Teaching & Research Interests
Scholarship, Research & Creative Activities
Nathaniel Barr is a Professor of Creativity and Creative Thinking, specializing in cognitive psychology. Prior to joining Sheridan, he earned his BA, MA, and PhD, and held a postdoctoral fellowship in the Psychology Department at the University of Waterloo.
A recipient of a number of research awards, grants, and scholarships, Nathaniel has published scientific articles, book chapters, technical reports, and popular press articles in diverse areas. Topics include the psychology of creativity, human reason in the Anthropocene, belief, the relation between grit and mind wandering, the intersection of thinking and technology, currency authentication, and how best to align artificial and human intelligence in the workforce. He and his co-authors were awarded the 2016 Ig Nobel Peace Prize for their paper, On the reception and detection of pseudo-profound bullshit. Nathaniel’s work has been covered extensively in the media, including Scientific American, The Washington Post, and The Wall Street Journal, and he frequently acts as an expert commentator for print, radio, and television.
An award winning lecturer, Nathaniel has taught courses on creativity, psychology, cognition, memory, and neuroscience. At Sheridan College, his primary focus is teaching courses within the Board Undergraduate Certificate in Creativity and Creative Problem Solving, which aims to provide “an opportunity for every degree student to gain a deliberate set of 21st century creative thinking skills and creative problem solving competencies”.

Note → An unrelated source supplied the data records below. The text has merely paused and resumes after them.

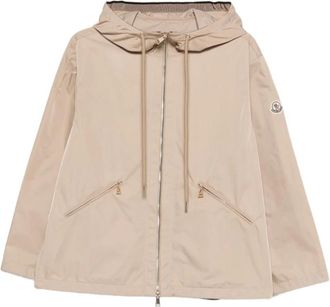 Moncler Light Jackets, female, Beige, Size: M Hooded Jacket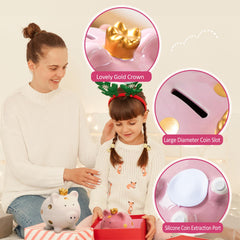 YJNSFT ceramic piggy bank demonstrating the durable material and crisp coin sound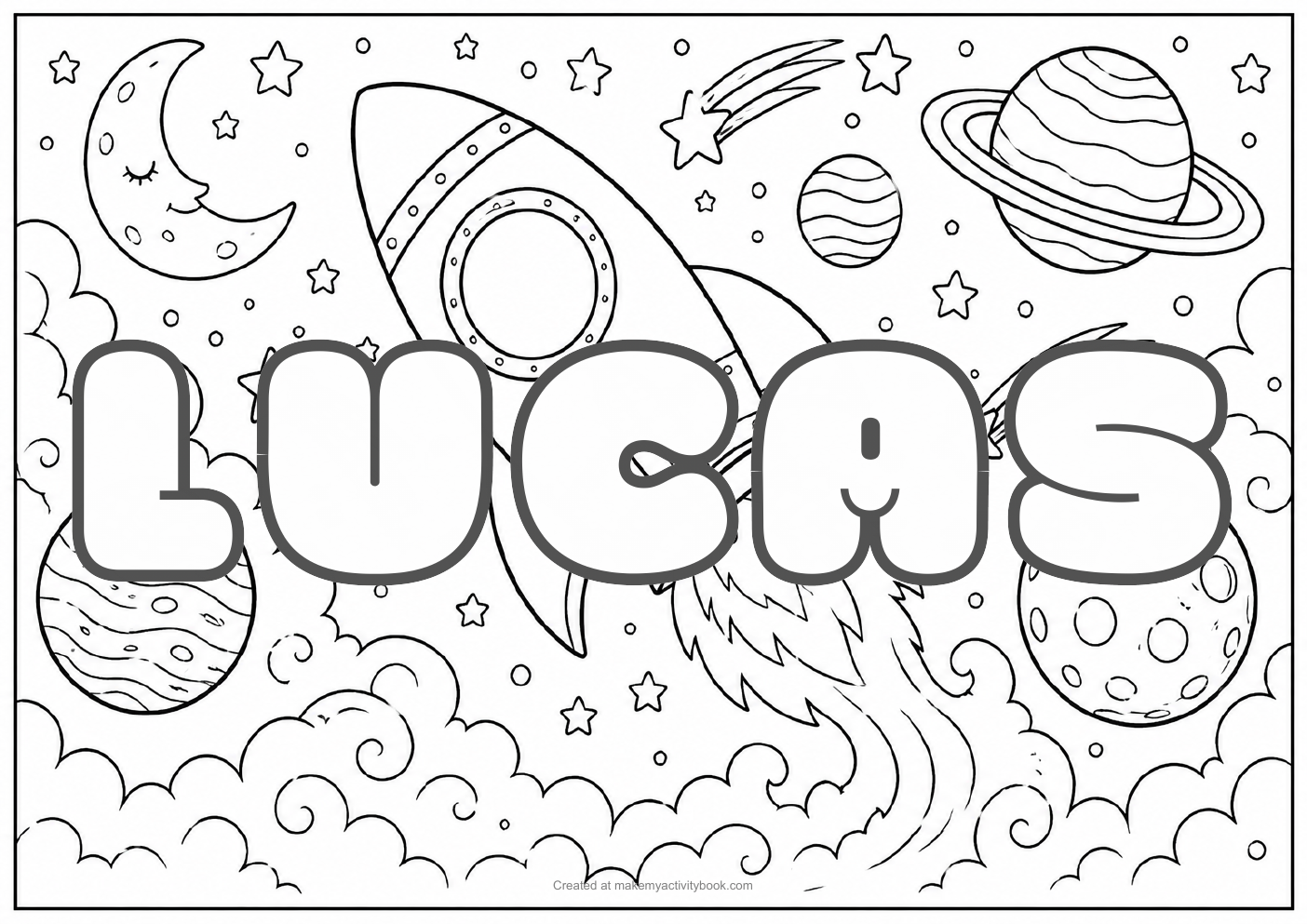 Lucas space colouring sheet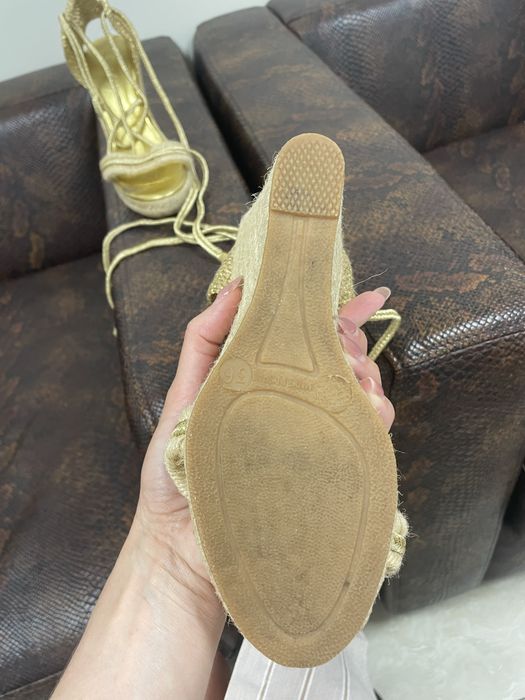 Златни еспадрили естествена  кожа 36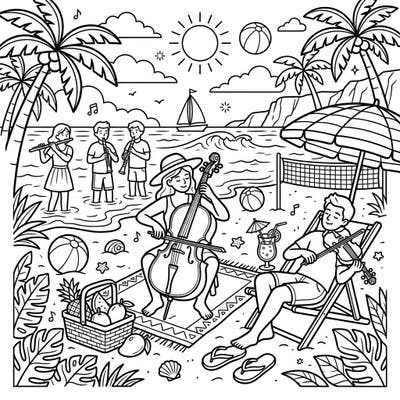 Experience a symphony of sun and sea with our delightful coloring page featuring classical musicians enjoying a summer vacation. This unique scene combines the elegance of music with the relaxation of a beach day, offering a charming escape for your coloring adventure.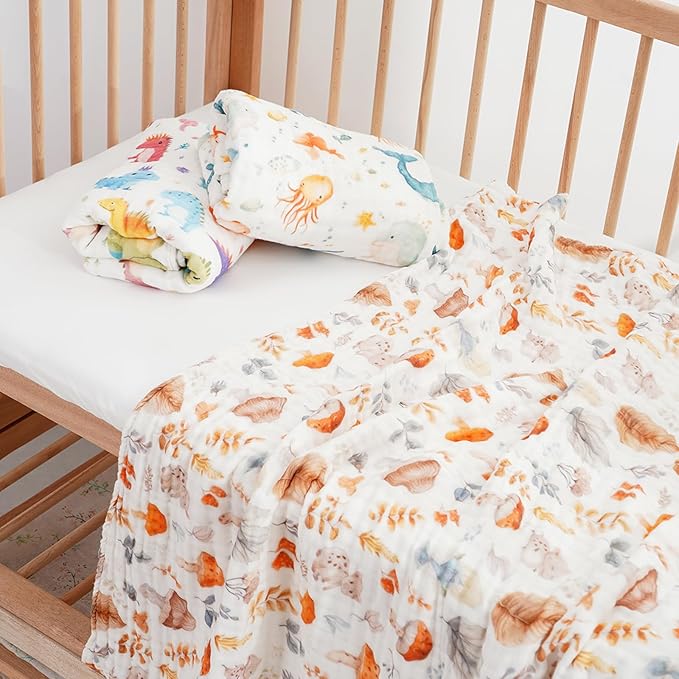 Muslin Swaddle Blankets 6-Layer Cotton Baby Blankets for Boys & Girls 43"X43"Inches Receiving Blankets,Soft Skin-Friendly Baby Crib Blanket,Breathable Quilt Bedspread(Autumn Forest)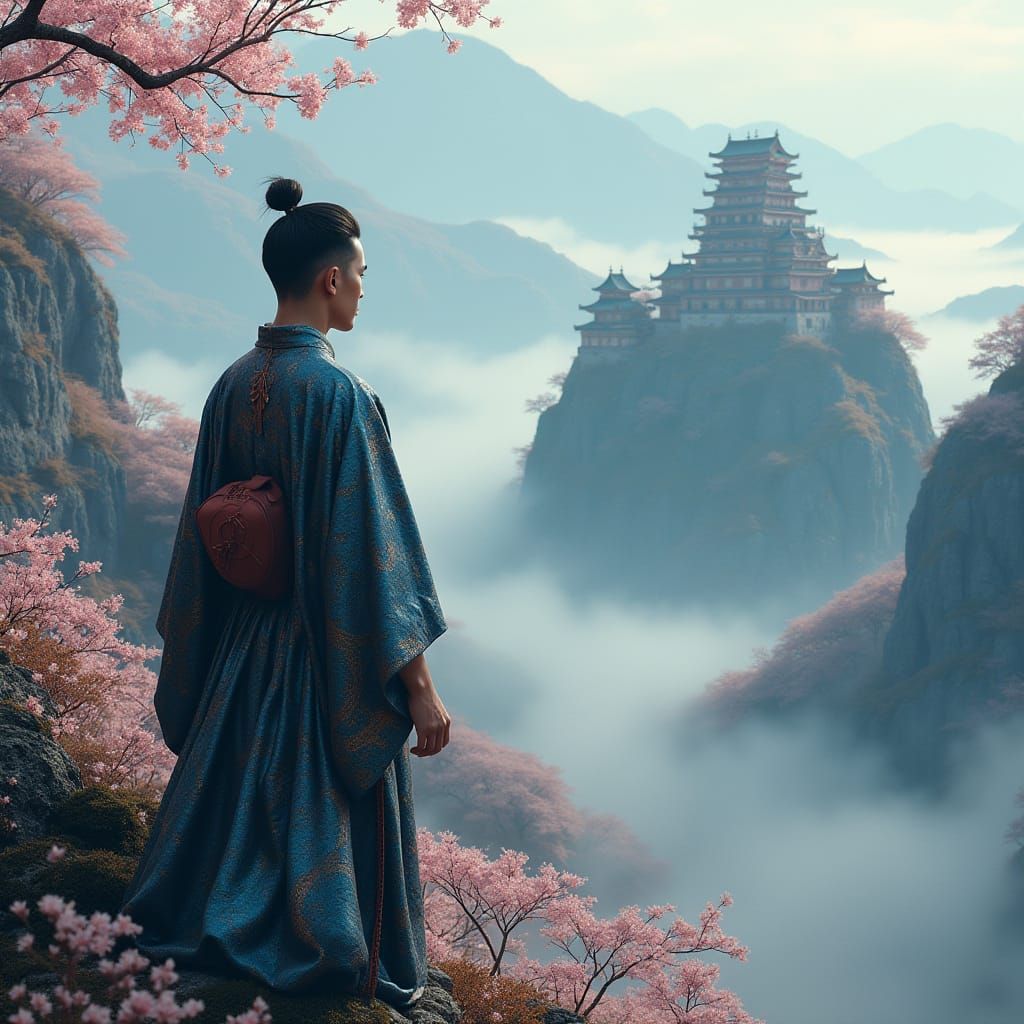 Ethereal Warrior of Cherry Blossom Dreams in Cyberpunk Fanta...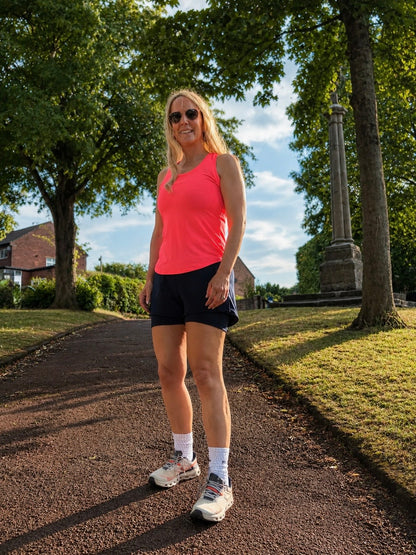 Nadia Racer Fitness Tank  - Hot Coral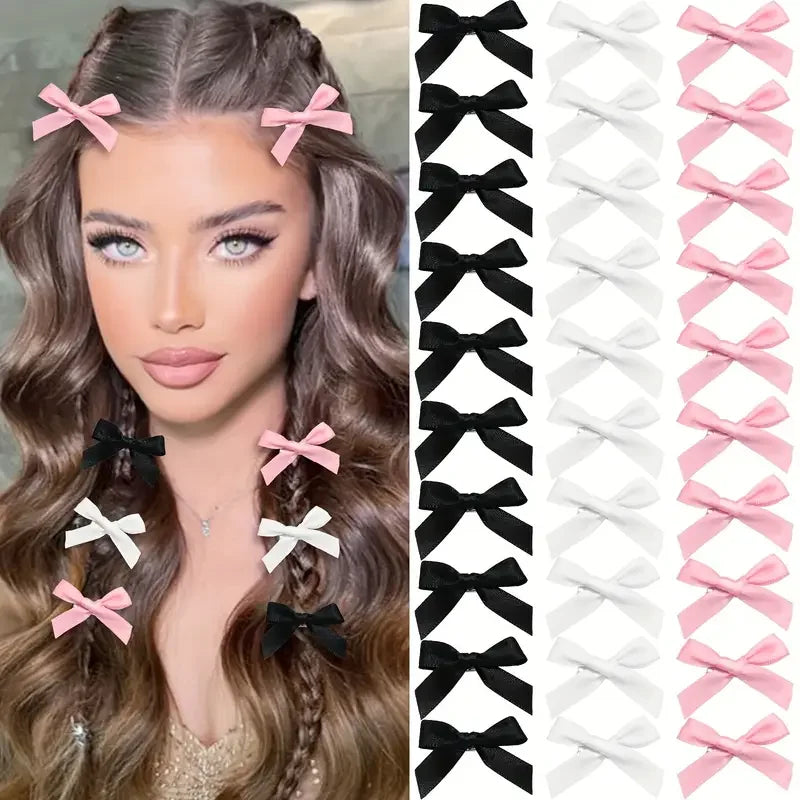30 Pieces Y2K Style Mini Bow Hair Clip Set - Cute And Sweet Anti Slip Ribbon Hair Clip Suitable For All Hairstyles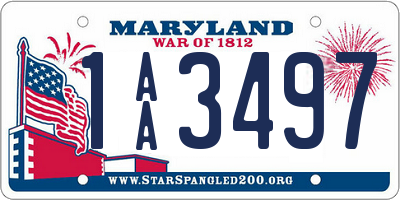 MD license plate 1AA3497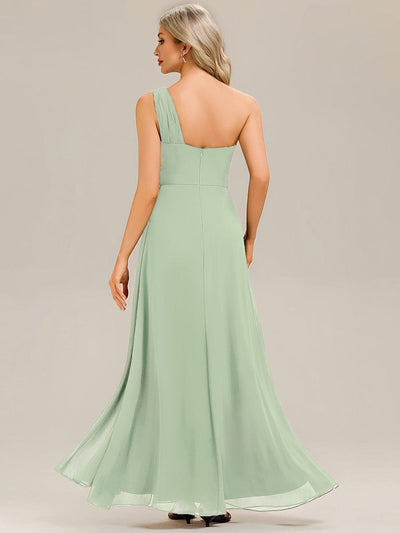 Flowing Ribbons Chiffon Sleeveless Bridesmaid Dress #color_Mint Green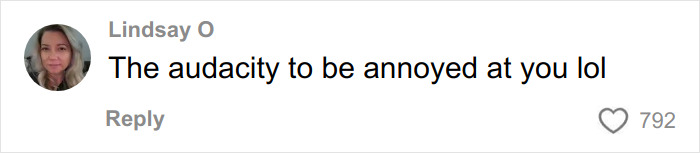 Comment from Lindsay O expressing amusement at being annoyed, related to a dramatic Tinder messaging twist involving husband and wife.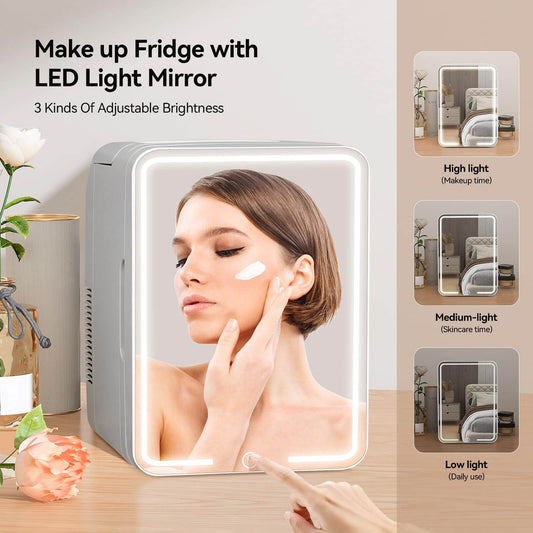 Mini Refrigerator 10L Makeup Fridge WIth Mirrored Door AS010-10L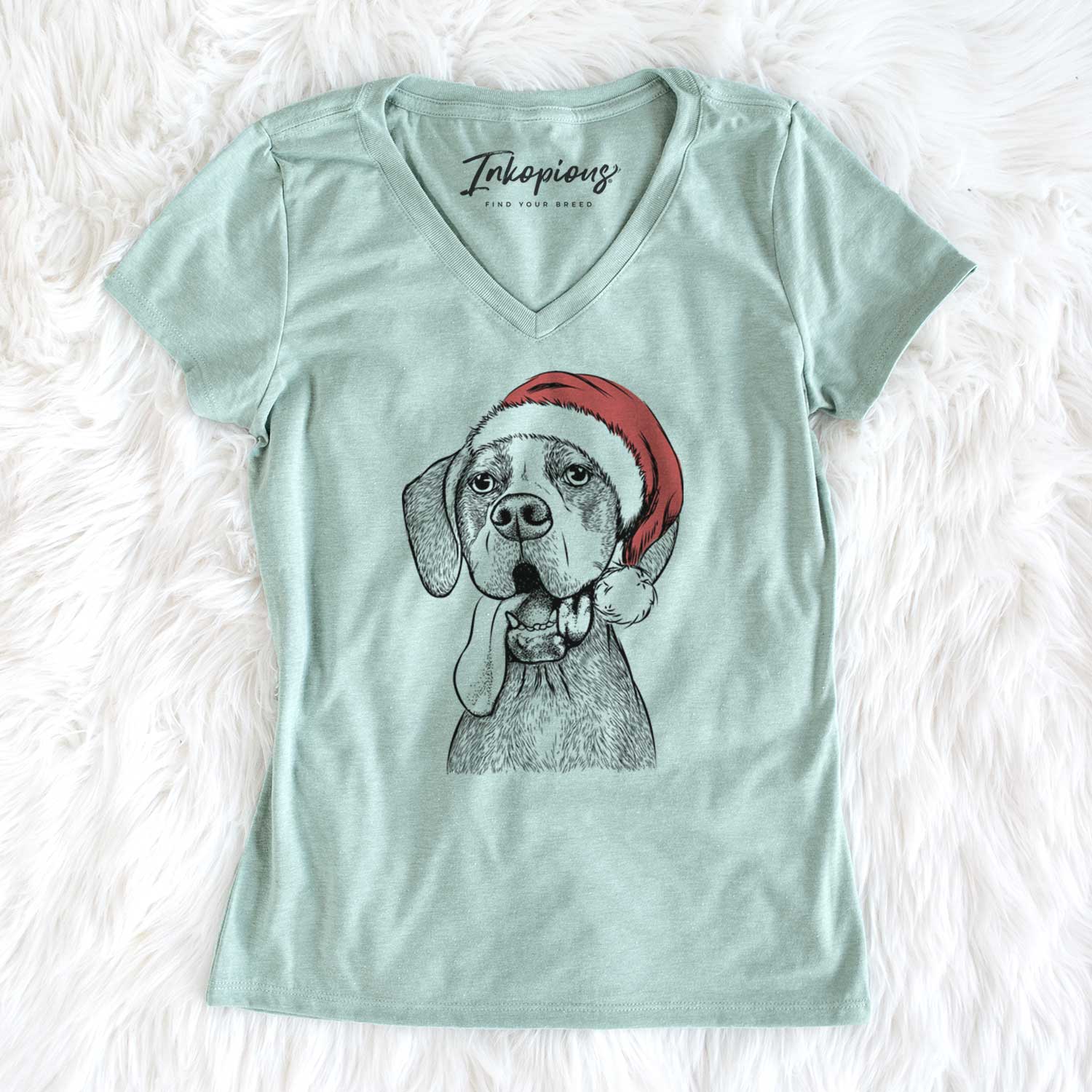 Santa Irwin the English Pointer - Women's V-neck Shirt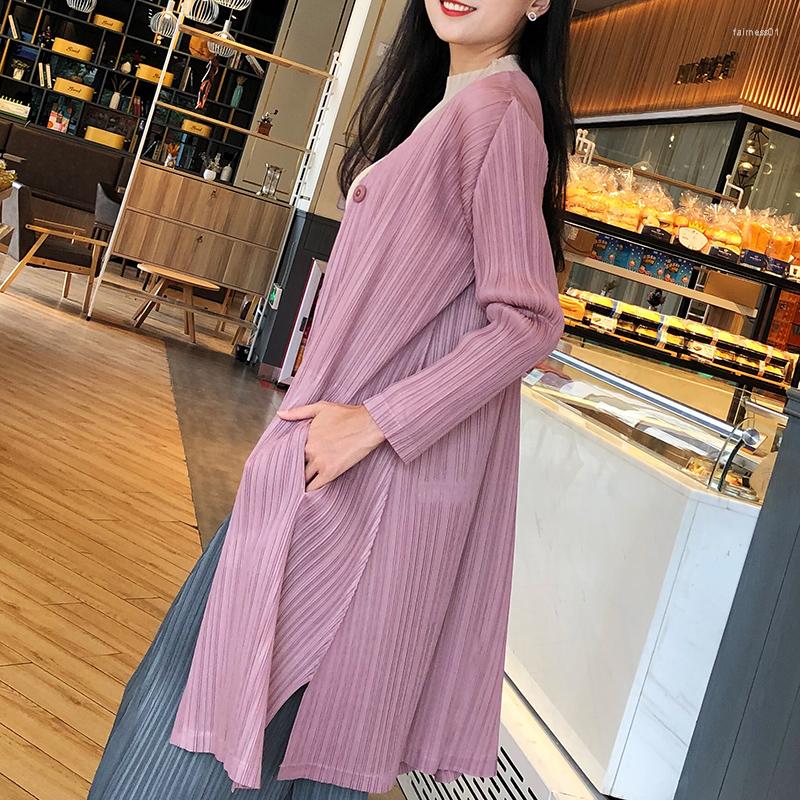 

Women's Trench Coats Miyake Pleated Long Sleeve Women's Medium Length Large Size One Button Cardigan Autumn Coat Manteau Free Ship, Black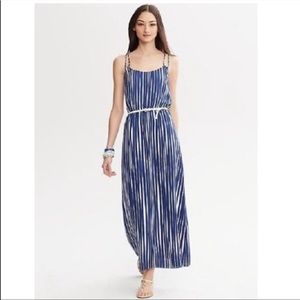 Banana Republic Striped Spaghetti Strap Maxi Dress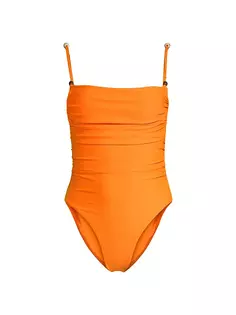 Сплошной купальник Cynzia, расшитый бисером Veronica Beard, цвет hot orange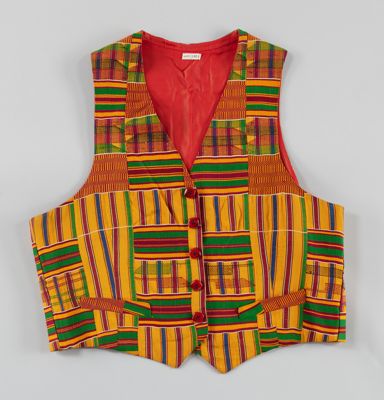 Patchwork Kente cloth vest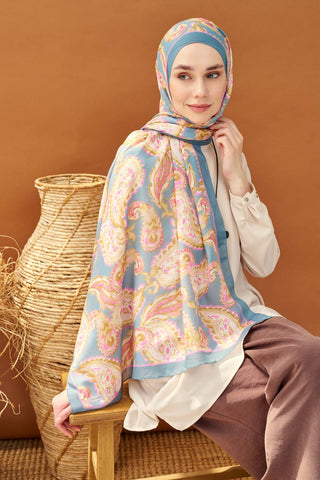 Riva Şal Tencel Paisley Mavi - Riva Şal - | Silk Home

In addition to his academic role, Nathaniel is an active consultant and speaker. He often delivers talks and workshops to diverse audiences on the nature of our minds and how to make the most of them. His speaking draws on his research, teaching, and consulting expertise on human cognition and behavioural science, while weaving in personal experiences and storytelling. Recurrent themes include connecting the causes of and potential solutions to global challenges in the Anthropocene to human reason and creativity, and how understanding the way people think can improve your memory, attention, reasoning, and creativity.